OAB volta a discutir impeachment de Pezão no RJ nesta quinta

Relator do processo na Ordem deve pedir vistas do processo. Comissão de Justiça da casa já deu parecer favorável.

Cassação do governador do RJ é publicada no Diário da Justiça

Ordem de Advogados do Brasil do Rio de Janeiro (OAB-RJ) volta a discutir o impeachment do governador Luiz Fernando Pezão (PMDB) nesta quinta-feira (18). Caso o conselho da Ordem aprove o pedido, ele poderá ser encaminhado para deliberação na Alerj. O conselho também pode fazer um pedido de intervenção federal, que seria analisado pela Procuradoria-Geral da República. Uma última opção seria pedir o afastamento na Justiça.

As alternativas foram apresentadas no último encontro, que contou também com participantes da sociedade civil e autoridades públicas. Na última sessão, no dia 4, a Comissão de Direito Constitucional da Casa deu parecer favorável reconhecendo a viabilidade jurídica do processo de impedimento.

Foi apurado que o relator e decano do conselho, Marcos Bruno, deve pedir vistas do processo. Para que alguma das alternativas seja aprovada, basta que tenha aprovação de 41 dos 80 conselheiros — o que, confirmando-se o pedido de vistas, só deve ocorrer dentro de um mês.

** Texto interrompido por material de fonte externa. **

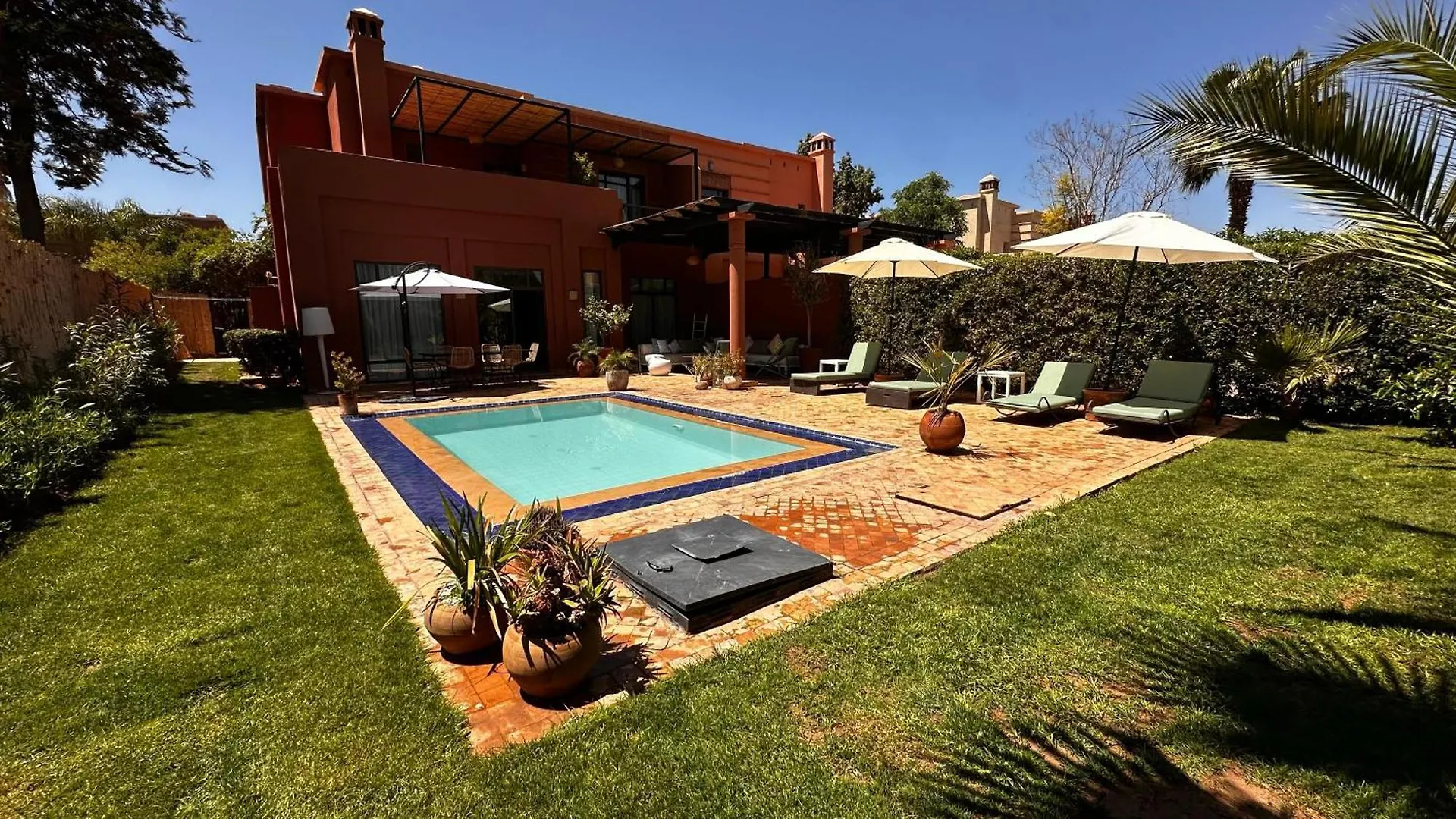 Dar Nadim Sur Le Golf De Samanah Villa Marrakesh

Eem contato com a Alerj para saber quantos pedidos de impeachment contra o governador já foram feitos e estão parados na Procuradoria da Assembleia ou foram arquivados, mas não obteve resposta até a última atualização desta reportagem.

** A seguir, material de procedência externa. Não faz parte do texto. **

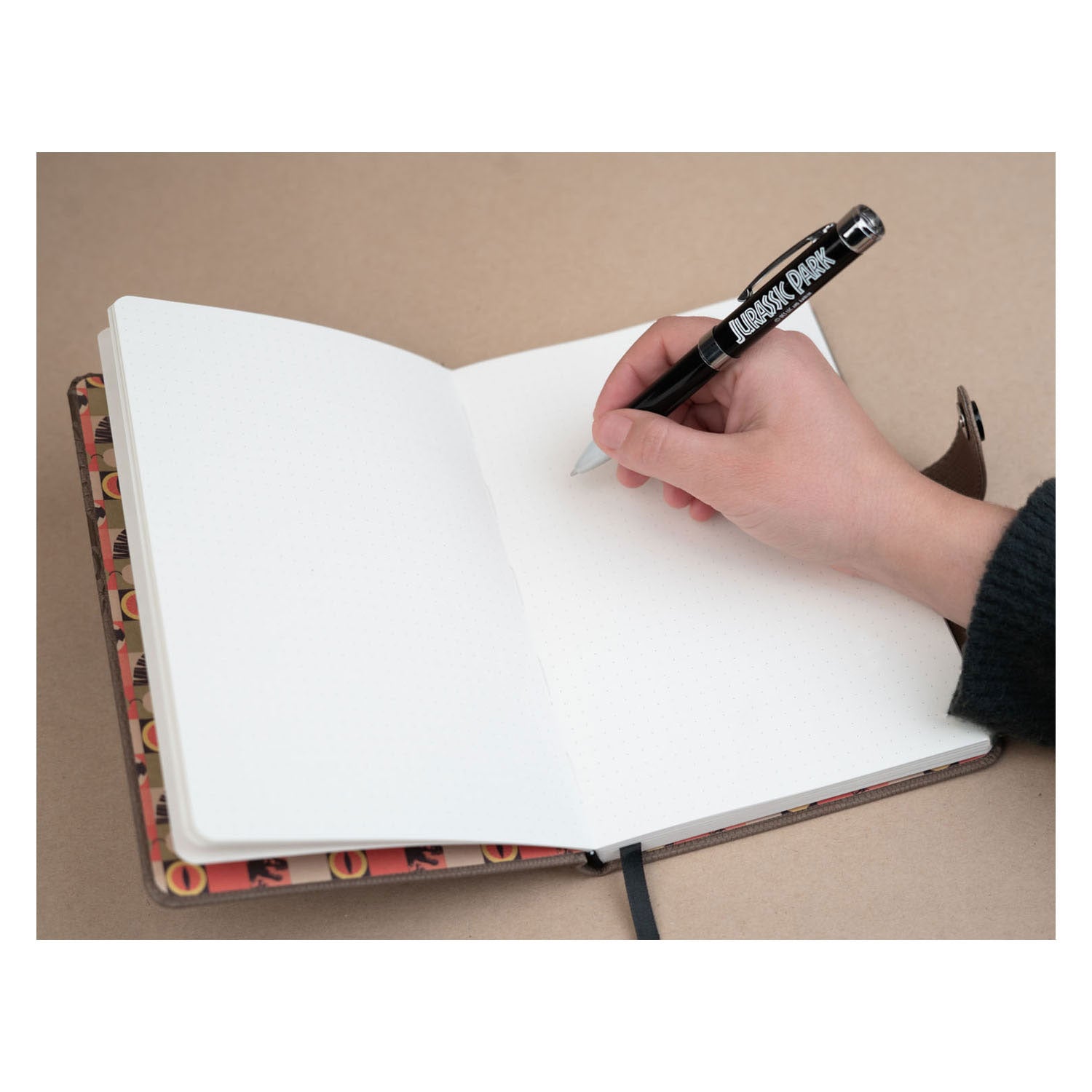 Cahier premium A5 Jurassic Park avec stylo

‘Crise de legitimidade’, diz presidente da OAB

Na primeira reunião sobre o assunto, em abril, a maioria dos conselheiros que pediu a palavra defendeu a saída do governador.

“A crise é tão grande que exige o afastamento (do governador). Meu entendimento é de que existem elementos jurídicos que permitam a apresentação de uma medida do afastamento do governo do Rio, na pessoa do governador e de quem mais nessa situação se coloque”, disse Vagner Santana, presidente da OAB de Caxias, na ocasião.

No mesmo dia, o presidente da Ordem no Rio foi mais ponderado e disse apenas que o Rio estava à deriva, o que exigia “duras decisões”. Felipe Santa Cruz citou ainda uma “crise de legitimidade”.

“Não adianta tirar o Pezão e (o vice governador Francisco) Dornelles, toda a linha sucessória tem problemas. Vamos até onde no afastamento? Faremos uma lista”, ponderou Talita Menezes, da seccional Leopoldina.